D3 - Into the data

Actually plotting things

Learning Objectives

Making axes
Actually plotting data (d3.enter)

We design our axes based on our data. This means we have to know the minimum and maximum values of our data and have to decide whether we want linear or logarithmic axes.

// Create a logarithmic scale for the income
var xScale = d3.scaleLog(); // income
xScale.domain([250, 1e5]); // set minimum and maximum value
xScale.range([0, canvas_width]); // set minimum and maximum range on the page

D3’s scale object provides a number of functions to create the scaling we want for our data. For example, we can choose between a logarithmic scale (d3.scaleLog), a linear scale (d3.scaleLinear), a square root scale (d3.scaleSqrt), or a categorical scale (e.g. d3.schemeCategory10 could represent 10 different colours).

The domain consists of the data values that will get mapped to the minimum and maximum positions on the page specified by the range. Often, the domain would be set to the minimum and maximum values of the data and the range to the edges of the plotting area.

Instead of spreading this code over three lines, we often find another notation online that achieves the same thing:

var xScale = d3.scaleLog().domain([250, 1e5]).range([0, canvas_width]);

These two notations are interchangeable and it is entirely up to you to use the one that seems more intuitive to you.

In the same way that we could switch setting up the domain and range in the more verbose notation, we can swap these two in the shorter notation without it making any difference.

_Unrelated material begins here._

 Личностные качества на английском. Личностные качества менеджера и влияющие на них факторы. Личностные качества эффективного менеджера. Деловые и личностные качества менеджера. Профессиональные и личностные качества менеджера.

The next step is to create the actual axis and linking it to the scale we just created:

// Creating the x axis.
var xAxis = d3.axisBottom(xScale);

axisBottom influences the orientation of the axis and the position of the ticks: on the bottom. Other options are also available: axisTop, axisLeft, and axisRight. We will still need to position it inside the canvas.

So far, the x axis exists, but it’s not actually showing up anywhere on the page. To push the axis to our canvas, we create a new group element (using .append).

// Add the x-axis.
canvas.append("g")
    .attr("class", "x axis")
  .attr("transform", "translate(0," + canvas_height + ")")
  .call(xAxis);

.call calls the axis we just created and pushed it to the element. We add a transform attribute to move the axis to the bottom of the plotting area (instead of having it across the top). There are a number of transform options, but here we are just using translate and pass in the amount to shift the axis in the x and y directions, respectively. Here we shift it only in the y direction (i.e. down) by an amount given by height of the canvas. We also give it a class, just in case we might want to select the axis later in our code.

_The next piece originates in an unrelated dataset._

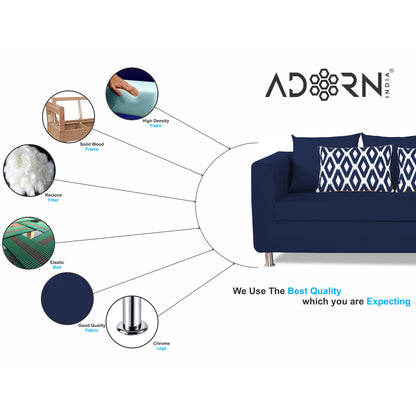 Adorn India Poland 3-1-1 Five Seater Sofa Set (Blue)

We might need a y-axis, too

Create a linear scale for the y-axis, with 10 being the minimum and 85 being the maximum value. Then, add the axis to the canvas.

We’re slowly getting there. Having our two axes, we can now finally add our data.

And now we’re ready to add one circle per data point! We don’t want to see all the data at once for now. Let’s instead just look at the most recent data point (data for 2009).

data structure

var data_canvas = canvas.append("g")
  .attr("class", "data_canvas");

var dot = data_canvas.selectAll(".dot")
  .data(nations, function(d){return d.name});

dot.enter().append("circle").attr("class","dot")
  .attr("cx", function(d) { return xScale(d.income[d.income.length-1]); })
  .attr("cy", function(d) { return yScale(d.lifeExpectancy[d.lifeExpectancy.length-1]); })
  .attr("r", 5);

We’re starting this bit by adding a g element to our canvas. This group is going to be our data canvas, so that’s the class name we give it. We then select everything of the class dot. This is an empty set at the moment, since we haven’t created any dots, yet. We are then telling our page where to find the data, using .data(nations).

We are also inserting what is called a key function .data(nations, function(d){return d.name});. This function will help D3 keep track of the data when we start changing it (and the order of the objects). It’s important to keep the identifier unique, which is why we return only the name of the current element.

Now comes the interesting part: The function enter() takes each element in the dataset and does everything that follows afterwards for each of these elements we’re adding in. These new dots need to be added with the class ‘dot’, so that next time we call data_canvas.selectAll(".dot") we get the dots that have already been added to our plot.

What we want to do is to create one circle for each data point. That’s what the last four lines of code do. They are creating the circle, and then setting the attributes cx, cy, and r. The attributes cx and cy define the position of the centre of the circle and are based on the income (we are looking at the most recent data point: [nation.income.length-1].) and life expectancy of the data point (that is temporarily called d). The radius is set to an arbitrary number… for now.

A new dimension

Change the code so that the radius of the circles represents the population. First, create a ‘sqrt’ scale with a minimum of 0 and a maximum of 5e8. The range should be between 0 and 40.